For storage allocation of user data, different virtual buckets may be composed of physical hosts 41 with the same amount of data, or may be composed of physical hosts 41 with different amounts of data, so that there are virtual buckets with different capacities. And for virtual buckets with different capacities, allocating the storage capacity based on a space tree mode. The first time, 100T of space is allocated, and then allocation is performed according to the weight of the current virtual bucket, and the larger the capacity of the default bucket, the higher the weight of allocation. When the space is used soon, new storage space can be continuously allocated for the user to use. Alternatively, a plurality of sections of storage spaces may be generated at the same time and then allocated to different users to use storage spaces of different capacities. When the memory space used by the user is used up, a new memory space can be applied. Through the mode of adding the virtual bucket weight to the space tree, the requirement of a user on the storage space can be dynamically met, and meanwhile, the data can be ensured to be more balanced. The virtual buckets allocate 500T of space at the initial T1 moment based on the capacity allocation mode of the space tree, and then data is allocated according to the physical actual storage space of each virtual bucket, so that the more the physical available space is, the more the allocated resources are. After the user uses a period of time, the user needs 900T of used space at time T2, and the space is allocated according to the current actual used capacity of each virtual bucket by reevaluation.

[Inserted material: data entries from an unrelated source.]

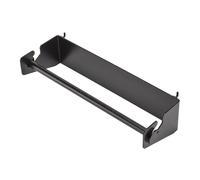 BUNKER Black Paper Towel Roll Holder Attaches To Pegboard W 340 x H 76mm 07433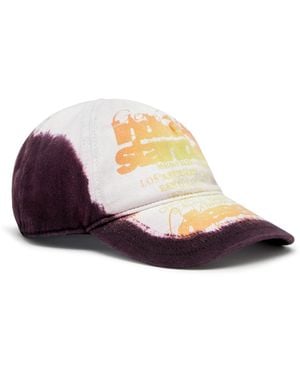 DIESEL Baseball Cap With Bandana Prints - ホワイト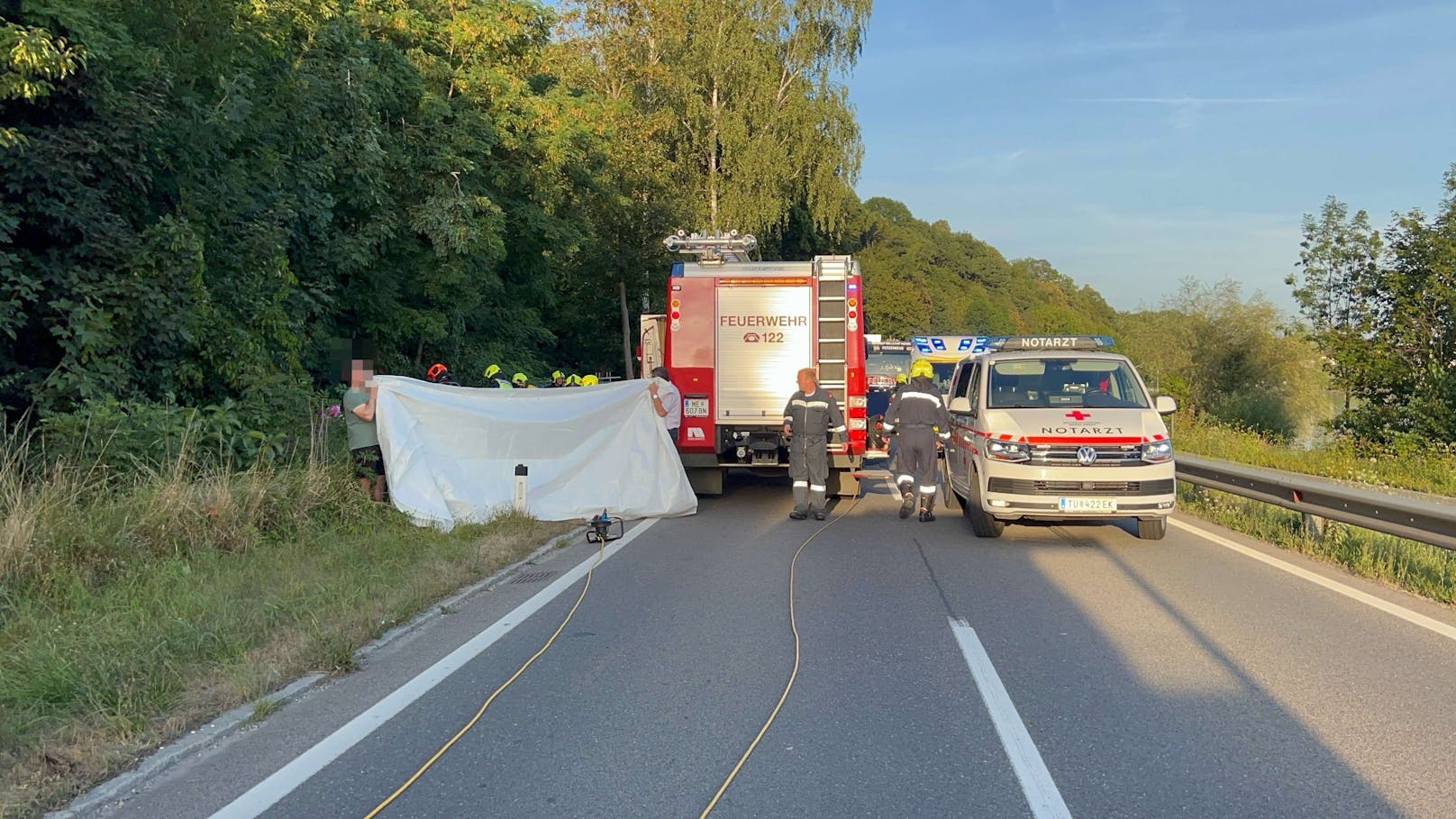 Unfall bei Persenbeug.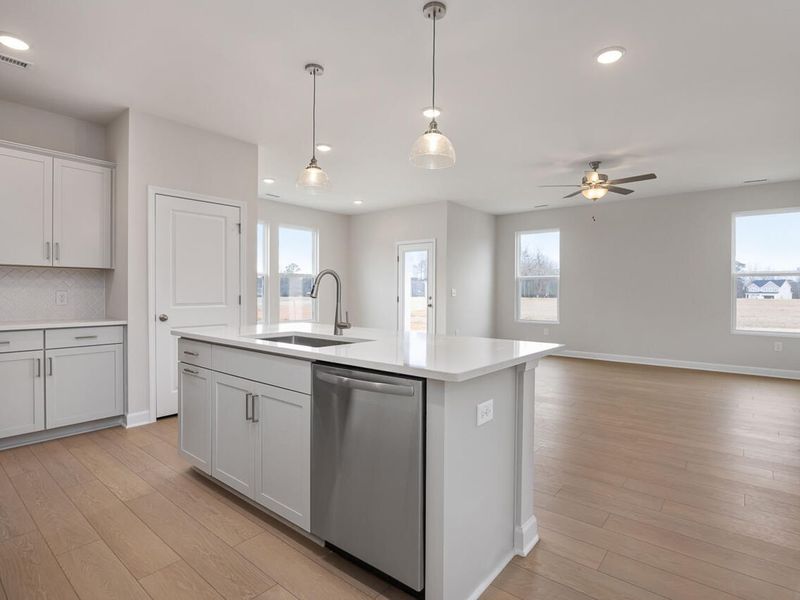 Furnished interior view inside a new home in Retreat at North Main, Lillington (Image 7).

Finally, when the client 51 wants to access data, the spatial tree structure of the virtual bucket is acquired through the control node cluster 42, then the client 51 performs hash lookup based on weight locally based on the spatial tree structure, the data is firstly distributed to the virtual bucket, and then the loaded bucket is calculated by the hash based on weight of the virtual bucket. Finally, the bucket carried is hashed to the specific physical host 41 based on the weight of the physical host 41. Thus, through the calculation of the client 51, the client 51 can clearly know which specific physical host 41 the data is stored in. The client 51 can read and write access to the physical machine, avoiding hot spots of look-up tables and central metadata servers. The data of the client 51 is stored in different virtual buckets, and then in different buckets, and then in all the host physical machines. Thus, the performance bottleneck of a single bucket, which is the performance bottleneck of all the physical hosts 41 of the whole cluster, can greatly improve the utilization rate and the read-write performance of the physical host cluster.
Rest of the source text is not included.